The manufacturing methods used to fabricate these devices are highly sophisticated and rely heavily on a key processing technique called photolithographic patterning (3). This methodology has come to dominate the technologies of microfabrication in much the same way as silicon has the materials used to construct semiconductor devices. Given the dominant positions of photolithography and silicon in this area of technology, it would be extremely difficult to bring forward advances in research that might serve to challenge their standing as defining paradigms. It would be altogether remarkable that both of these central dogmas might be challenged in this way. This issue of PNAS presents a report by Rogers et al. (4) that does precisely that. Those authors describe the application and validation of soft lithography (5) as a revolutionary new method for manufacturing complex, highly functional microelectronic structures, here a working prototype of a flexible display—an electronic sheet of paper—that incorporates pixel elements controlled by organic transistors (6).

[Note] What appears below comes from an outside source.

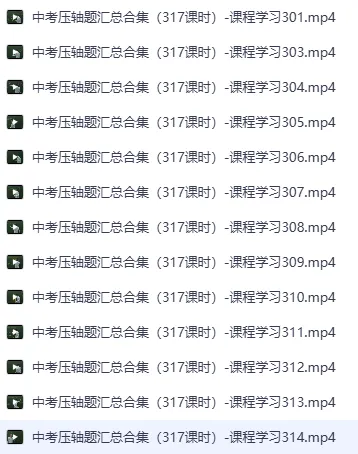 中考数学压轴题(视频学习)-可下载-第2张图片-四季读书网 中考数学压轴题(视频学习)-可下载-第2张图片-四季读书网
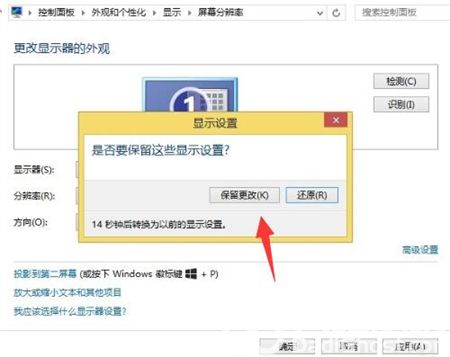 win7画面模糊发虚不清晰怎么办 win7画面模糊发虚不清晰解决方法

In seminal work recently recognized by the Nobel Prize in Chemistry, MacDiarmid, Heeger, and Shirakawa taught us that organic materials in fact could perform active functions.
Photolithography uses light to generate patterns in a photosensitive polymer, a so-called resist (7). These resist patterns are used in turn as templates for forming structures in a material, typically by such etching methods as reactive ion beam or wet chemical etching (8). Because the device structures in Si-based microelectronics are complex multilevel architectures, many applications of photolithographic patterning are needed to generate systems with any useful level of functionality. In this processing, the complex, hierarchical organizations found in an integrated circuit are generated on a layer-by-layer basis by using multiple deposition and etching steps mediated by photolithography-defined resist patterns (9). Because it is an optical technique, this type of patterning, although powerful, remains limited in some important ways. Ideally it is a planar patterning method and is poorly suited for making either three-dimensional structures or devices supported on a nonplanar substrate. It is a cumbersome process for making structures bearing specific chemical functionality. On large area substrates, many stepped exposures are needed to generate a complete pattern, which in turn generates a requirement for costly, high-precision processing tools. The short wavelengths needed to generate feature sizes in the 0.12-μM range also brings with it the need for process tools that are extremely expensive.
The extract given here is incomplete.